■ **What the task asks**:
Below is a listing from which only part is wanted; return exactly the lines from the one with "Hey guys, Dan" up to and including the one with "Tuck the pelvis".

■ **Source material**:
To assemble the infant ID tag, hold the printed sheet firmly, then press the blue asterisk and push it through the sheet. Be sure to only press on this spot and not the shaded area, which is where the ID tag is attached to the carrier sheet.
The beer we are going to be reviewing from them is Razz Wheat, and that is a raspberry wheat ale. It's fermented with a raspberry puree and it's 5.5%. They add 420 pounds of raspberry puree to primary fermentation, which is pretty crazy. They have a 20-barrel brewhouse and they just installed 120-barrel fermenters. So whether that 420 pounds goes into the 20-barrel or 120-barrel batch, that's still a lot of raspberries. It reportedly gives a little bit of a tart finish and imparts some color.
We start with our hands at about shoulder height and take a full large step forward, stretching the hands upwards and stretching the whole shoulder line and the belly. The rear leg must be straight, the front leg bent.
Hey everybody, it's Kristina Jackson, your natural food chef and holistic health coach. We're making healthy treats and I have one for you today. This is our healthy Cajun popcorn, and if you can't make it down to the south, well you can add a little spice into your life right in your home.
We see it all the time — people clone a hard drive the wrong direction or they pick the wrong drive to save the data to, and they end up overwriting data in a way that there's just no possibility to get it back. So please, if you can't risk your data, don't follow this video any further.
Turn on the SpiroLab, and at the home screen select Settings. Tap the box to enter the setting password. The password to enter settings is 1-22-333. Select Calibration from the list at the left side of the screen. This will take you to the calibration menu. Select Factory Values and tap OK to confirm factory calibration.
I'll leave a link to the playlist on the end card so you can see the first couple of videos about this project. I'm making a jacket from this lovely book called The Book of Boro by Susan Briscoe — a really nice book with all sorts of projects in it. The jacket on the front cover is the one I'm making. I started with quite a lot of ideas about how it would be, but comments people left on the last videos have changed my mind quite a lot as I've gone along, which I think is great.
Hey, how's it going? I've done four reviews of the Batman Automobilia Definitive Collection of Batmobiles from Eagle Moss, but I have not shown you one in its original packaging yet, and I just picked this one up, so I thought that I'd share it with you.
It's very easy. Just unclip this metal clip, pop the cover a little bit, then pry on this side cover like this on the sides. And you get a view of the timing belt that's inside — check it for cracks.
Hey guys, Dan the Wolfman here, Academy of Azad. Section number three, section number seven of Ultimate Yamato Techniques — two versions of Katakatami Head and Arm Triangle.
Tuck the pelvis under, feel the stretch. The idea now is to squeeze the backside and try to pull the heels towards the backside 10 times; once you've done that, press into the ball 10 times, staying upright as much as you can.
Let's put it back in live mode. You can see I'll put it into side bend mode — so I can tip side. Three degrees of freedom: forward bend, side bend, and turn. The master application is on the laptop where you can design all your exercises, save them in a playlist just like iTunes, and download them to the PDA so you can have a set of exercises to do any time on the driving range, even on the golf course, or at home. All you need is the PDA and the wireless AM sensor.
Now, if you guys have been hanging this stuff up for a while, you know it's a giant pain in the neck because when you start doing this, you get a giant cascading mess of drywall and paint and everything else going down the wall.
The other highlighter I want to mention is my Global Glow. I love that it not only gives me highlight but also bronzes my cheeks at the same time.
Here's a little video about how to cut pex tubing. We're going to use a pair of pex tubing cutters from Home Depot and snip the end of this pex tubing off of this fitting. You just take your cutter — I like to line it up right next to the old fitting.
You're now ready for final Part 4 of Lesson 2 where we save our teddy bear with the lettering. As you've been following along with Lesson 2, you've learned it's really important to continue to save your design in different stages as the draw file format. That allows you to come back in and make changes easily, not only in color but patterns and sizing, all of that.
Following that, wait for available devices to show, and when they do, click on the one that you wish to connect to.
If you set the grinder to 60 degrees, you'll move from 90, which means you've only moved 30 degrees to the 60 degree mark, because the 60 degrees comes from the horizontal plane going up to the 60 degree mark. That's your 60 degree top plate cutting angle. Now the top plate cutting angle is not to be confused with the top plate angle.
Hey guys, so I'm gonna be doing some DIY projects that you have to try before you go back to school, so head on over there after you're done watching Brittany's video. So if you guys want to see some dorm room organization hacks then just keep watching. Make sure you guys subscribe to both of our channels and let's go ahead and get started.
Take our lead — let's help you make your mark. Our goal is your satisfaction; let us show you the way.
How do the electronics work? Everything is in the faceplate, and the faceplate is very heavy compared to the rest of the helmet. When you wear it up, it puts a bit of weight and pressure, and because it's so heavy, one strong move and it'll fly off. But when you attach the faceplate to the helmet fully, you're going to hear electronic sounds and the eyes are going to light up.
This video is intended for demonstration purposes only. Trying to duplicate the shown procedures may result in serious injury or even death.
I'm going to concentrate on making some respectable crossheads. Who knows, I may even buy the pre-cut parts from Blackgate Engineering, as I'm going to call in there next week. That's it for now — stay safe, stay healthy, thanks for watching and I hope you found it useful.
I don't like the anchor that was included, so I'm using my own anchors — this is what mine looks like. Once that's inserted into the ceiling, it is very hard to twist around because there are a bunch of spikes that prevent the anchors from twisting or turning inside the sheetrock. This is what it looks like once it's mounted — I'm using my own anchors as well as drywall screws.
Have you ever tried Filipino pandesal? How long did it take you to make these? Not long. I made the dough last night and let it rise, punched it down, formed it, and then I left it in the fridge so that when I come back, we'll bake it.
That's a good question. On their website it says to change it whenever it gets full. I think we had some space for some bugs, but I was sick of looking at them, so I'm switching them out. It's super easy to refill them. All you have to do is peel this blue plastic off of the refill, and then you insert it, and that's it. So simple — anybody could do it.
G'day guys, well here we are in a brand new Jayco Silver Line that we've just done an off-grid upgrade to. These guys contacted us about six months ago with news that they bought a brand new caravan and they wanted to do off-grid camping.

■ **Your solution**:
Hey guys, Dan the Wolfman here, Academy of Azad. Section number three, section number seven of Ultimate Yamato Techniques — two versions of Katakatami Head and Arm Triangle.
Tuck the pelvis under, feel the stretch. The idea now is to squeeze the backside and try to pull the heels towards the backside 10 times; once you've done that, press into the ball 10 times, staying upright as much as you can.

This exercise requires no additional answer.